**WHAT THE TASK REQUIRES**
Reproduce, exactly and only, the lines of the data that follows from the one containing "KakaoTalk_20240818_032105653_01.jpg" down to the one containing "Молодые петушки", without pictures.

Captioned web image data
--------

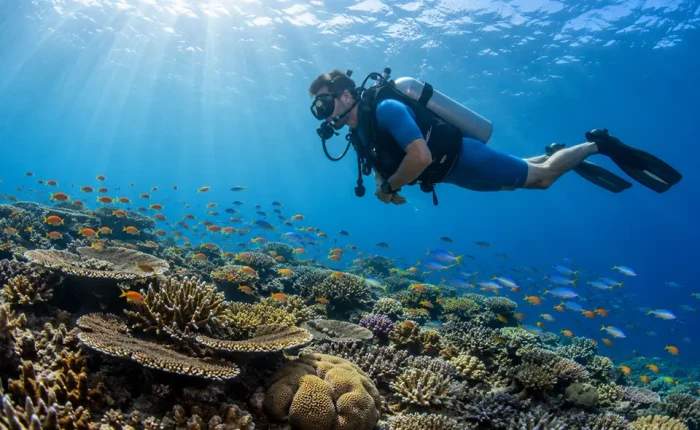 Scuba diver over a coral reef in the Andaman Islands
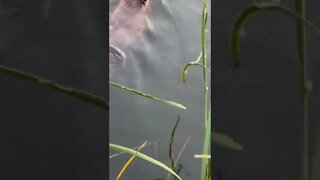 Beaver swims right up to me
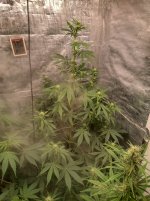 IMG_20240411_200846_HDR[1].jpg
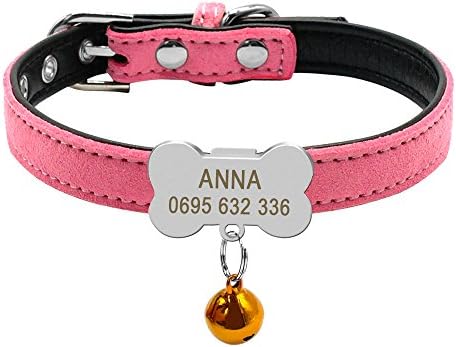 personalized puppy collars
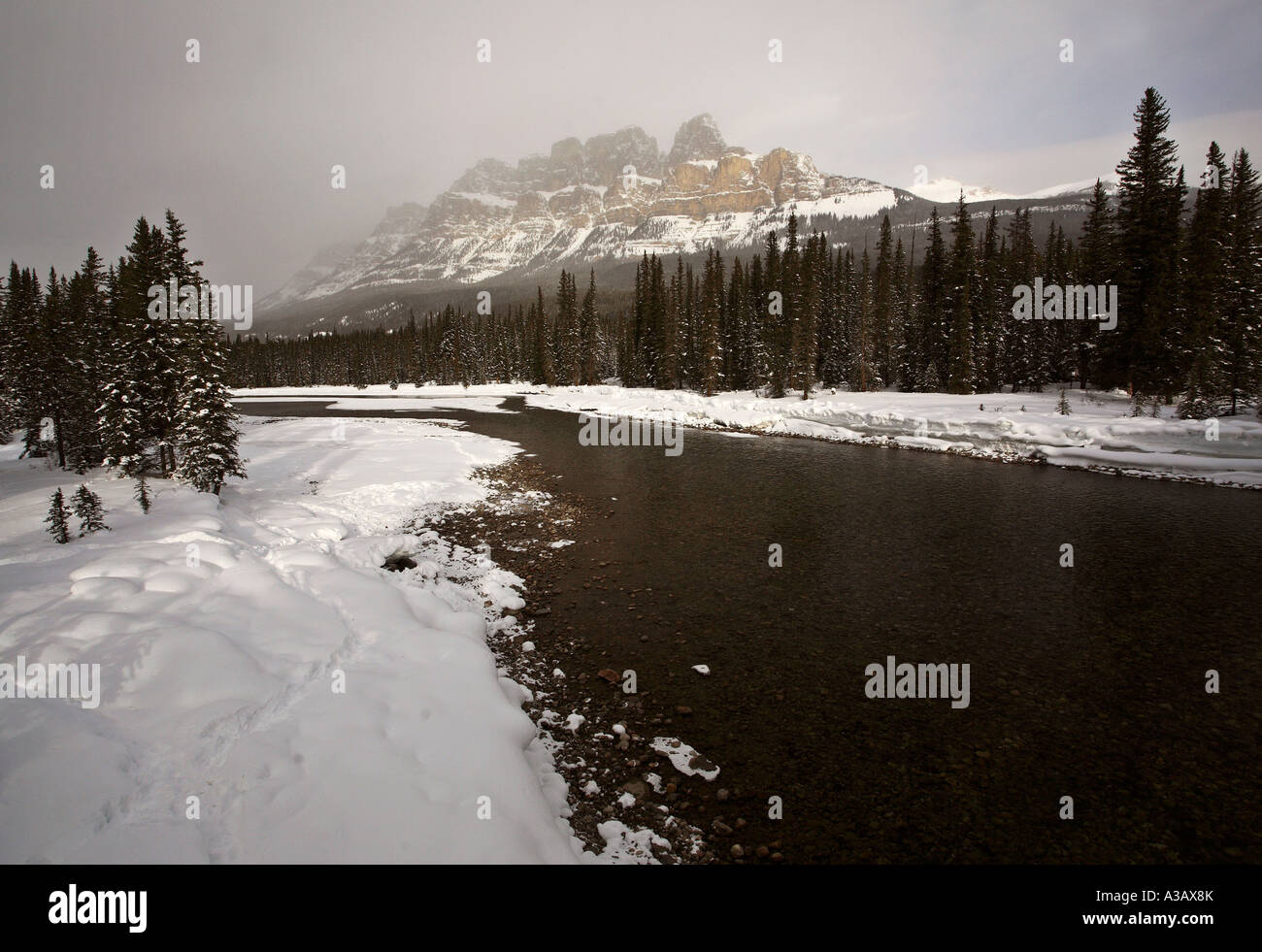 Bow River im winter Stockfoto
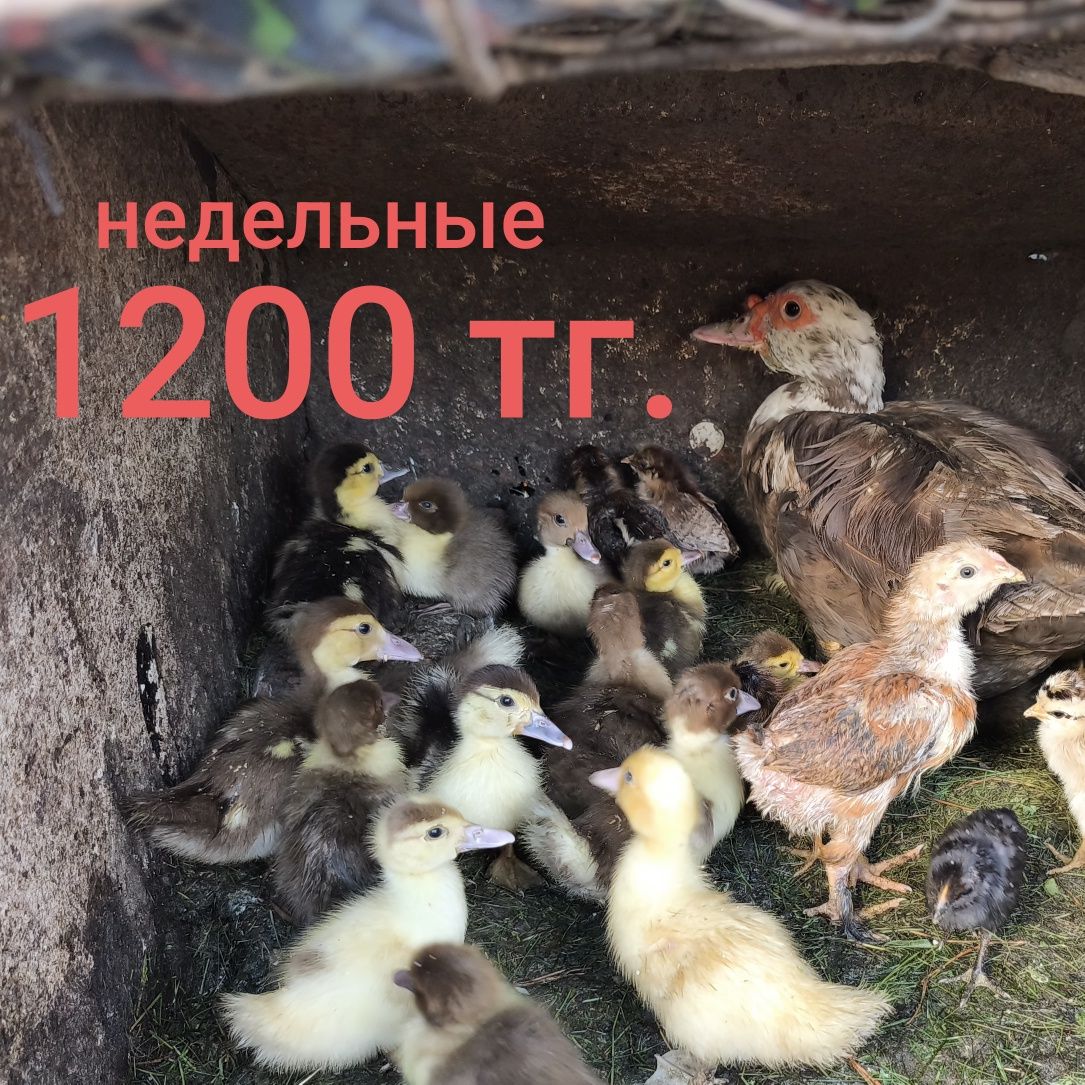 Продам индоутят разного возроста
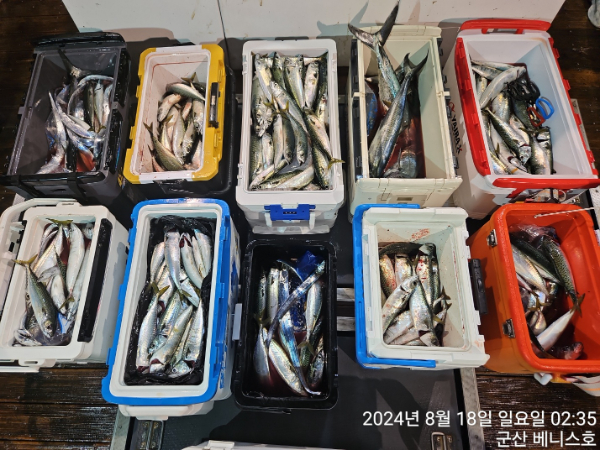 KakaoTalk_20240818_032105653_01.jpg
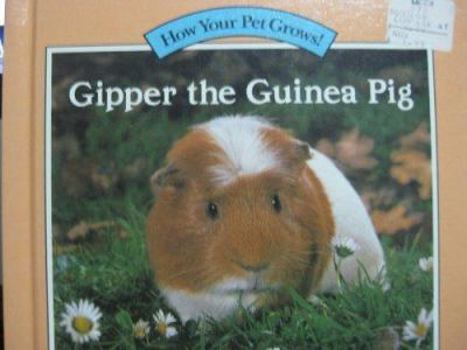 Hardcover GIPPER THE GUINEA PIG (How Your Pet Grows!) Book
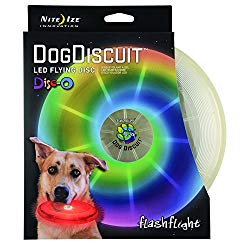 Best Dog Frisbee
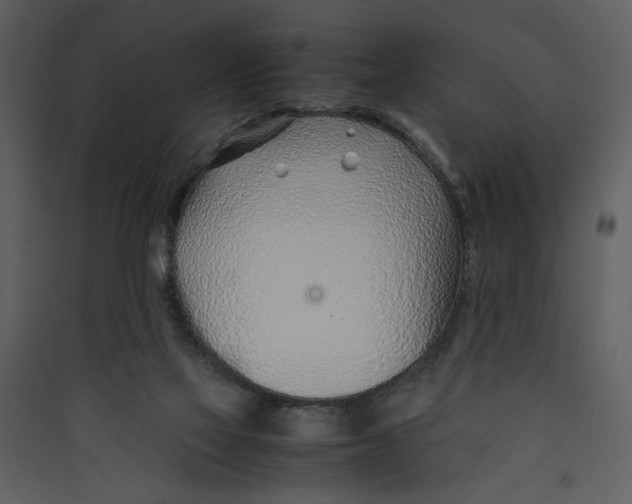 X0000089360069200707131624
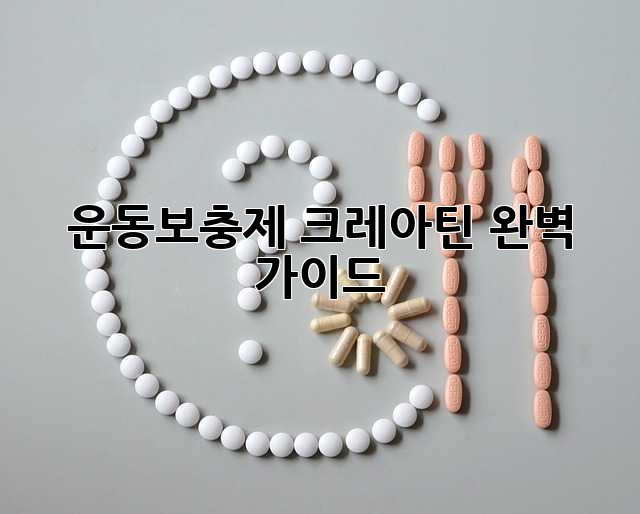 운동보충제 크레아틴 완벽 가이드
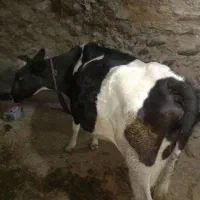 گاو دو رگه آبستن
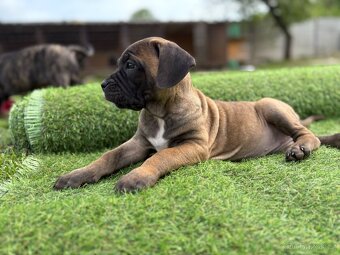 Cane corso s PP - 9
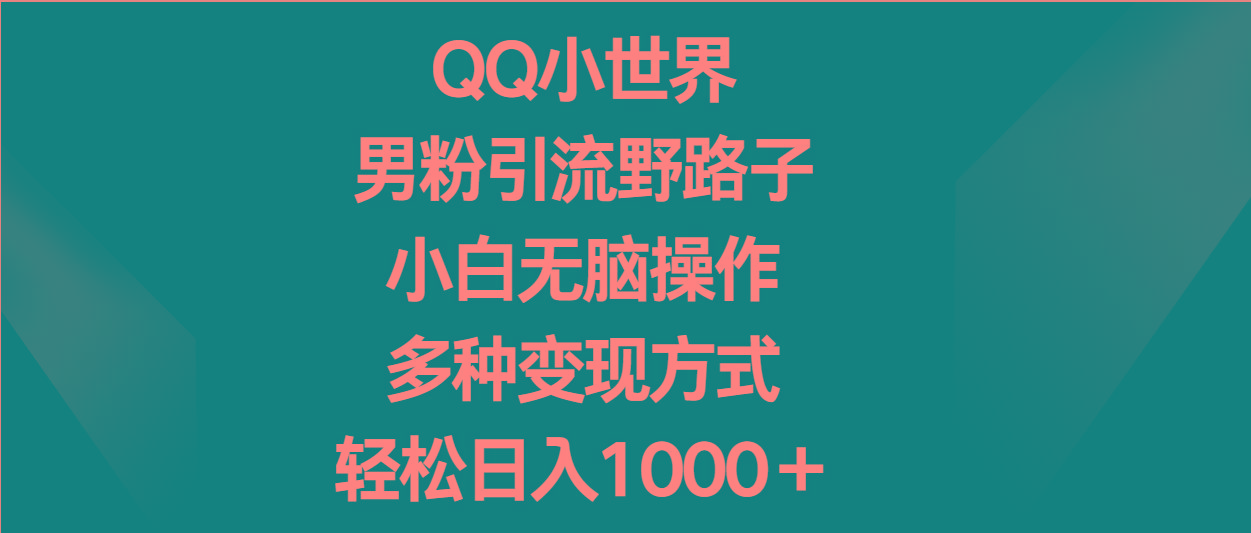 QQ小世界男粉引流野路子，小白无脑操作，多种变现方式轻松日入1000＋-test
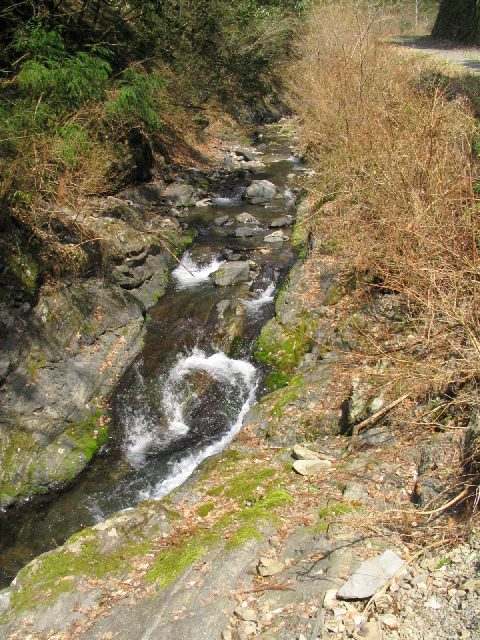 十津川・西川支流・ジャレ川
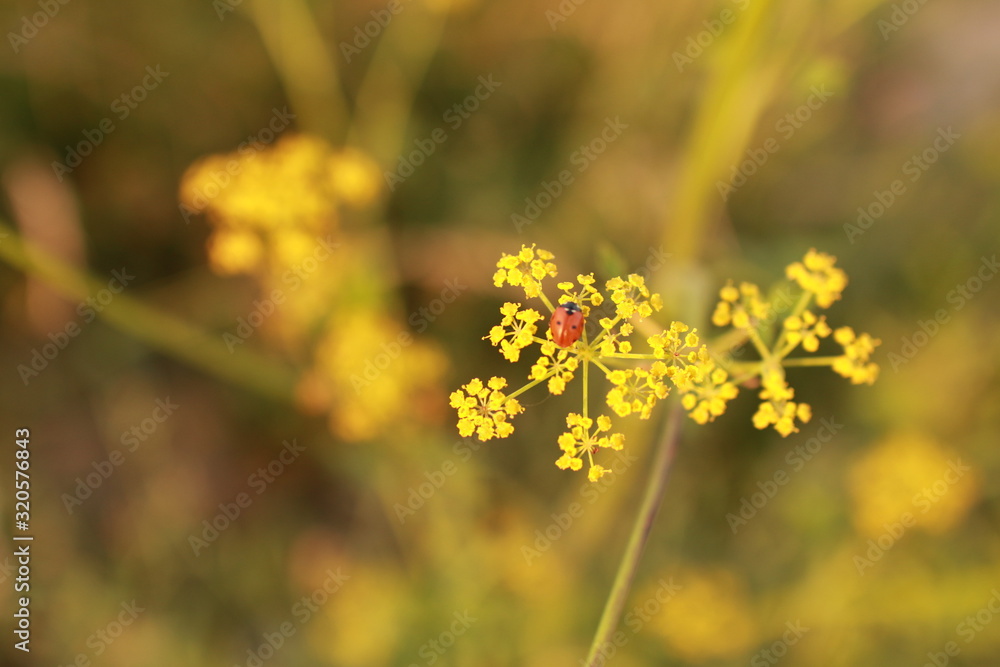 Obraz premium yellow flowers on a background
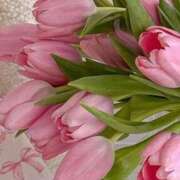 ヒメ日記 2025/11/12 08:33 投稿 月詩もも お姉さんCLUB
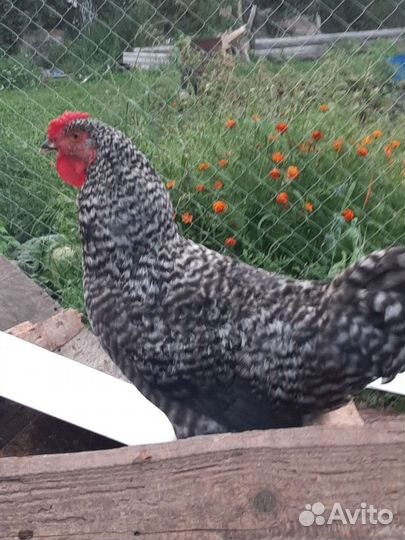 Молодые петушки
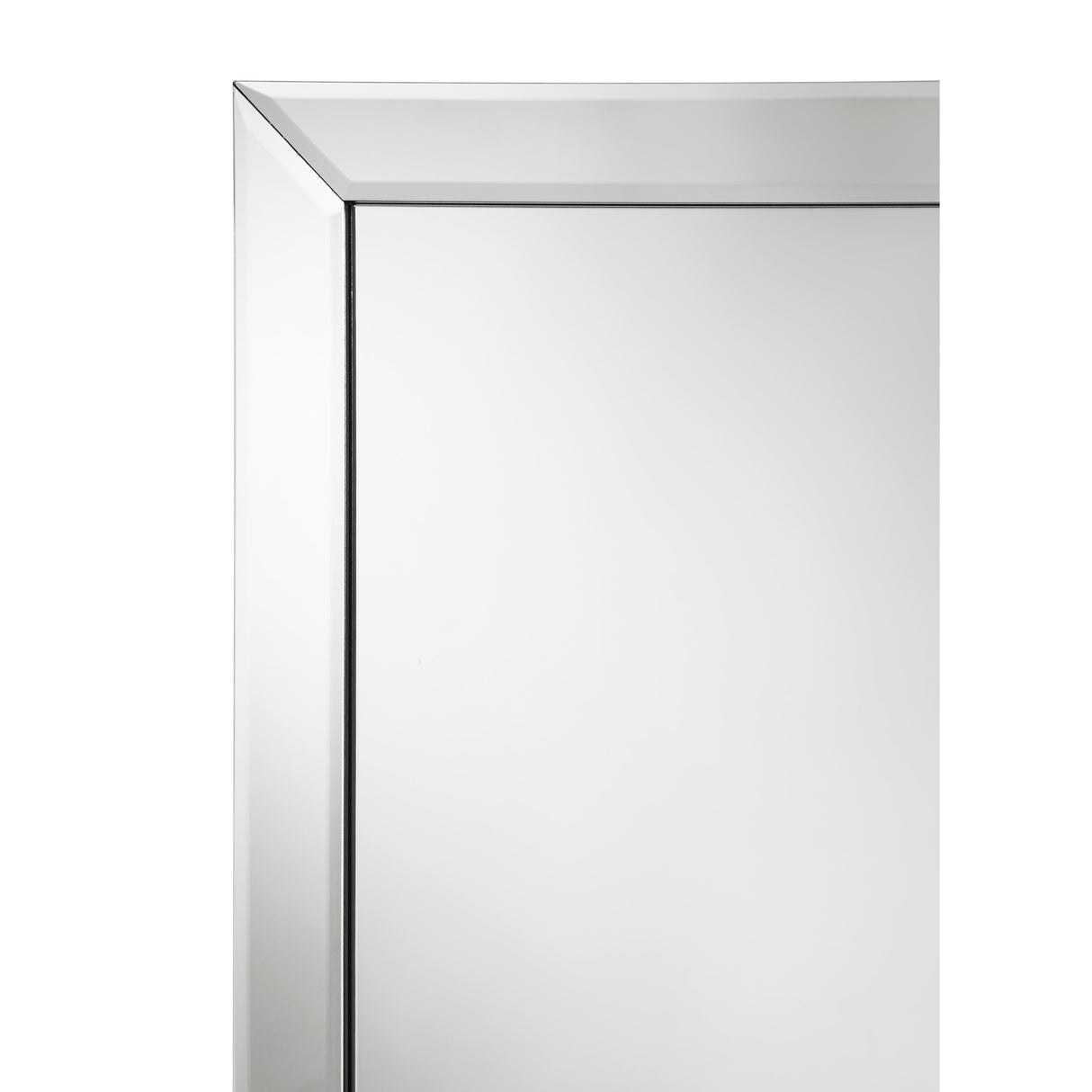  Coaster Furniture Soline 961633 22 x 61 Inch Framed Standing Floor Mirror - Silver IMAGE 5
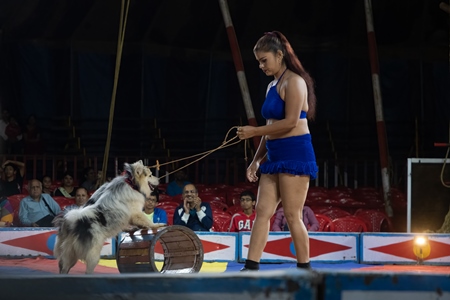 Dogs used as a performing circus animals with acrobat in the Golden Circus, Maharashtra, 2019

--------

**WRITTEN REPLY**
 KakaoTalk_20240818_032105653_01.jpg
 Hardcover GIPPER THE GUINEA PIG (How Your Pet Grows!) Book
 Best Dog Frisbee
 X0000089360069200707131624
 운동보충제 크레아틴 완벽 가이드
 گاو دو رگه آبستن
 Cane corso s PP - 9
 QQ小世界男粉引流野路子，小白无脑操作，多种变现方式轻松日入1000＋-test
 十津川・西川支流・ジャレ川
 Obraz premium yellow flowers on a background
 ヒメ日記 2025/11/12 08:33 投稿 月詩もも お姉さんCLUB
 Молодые петушки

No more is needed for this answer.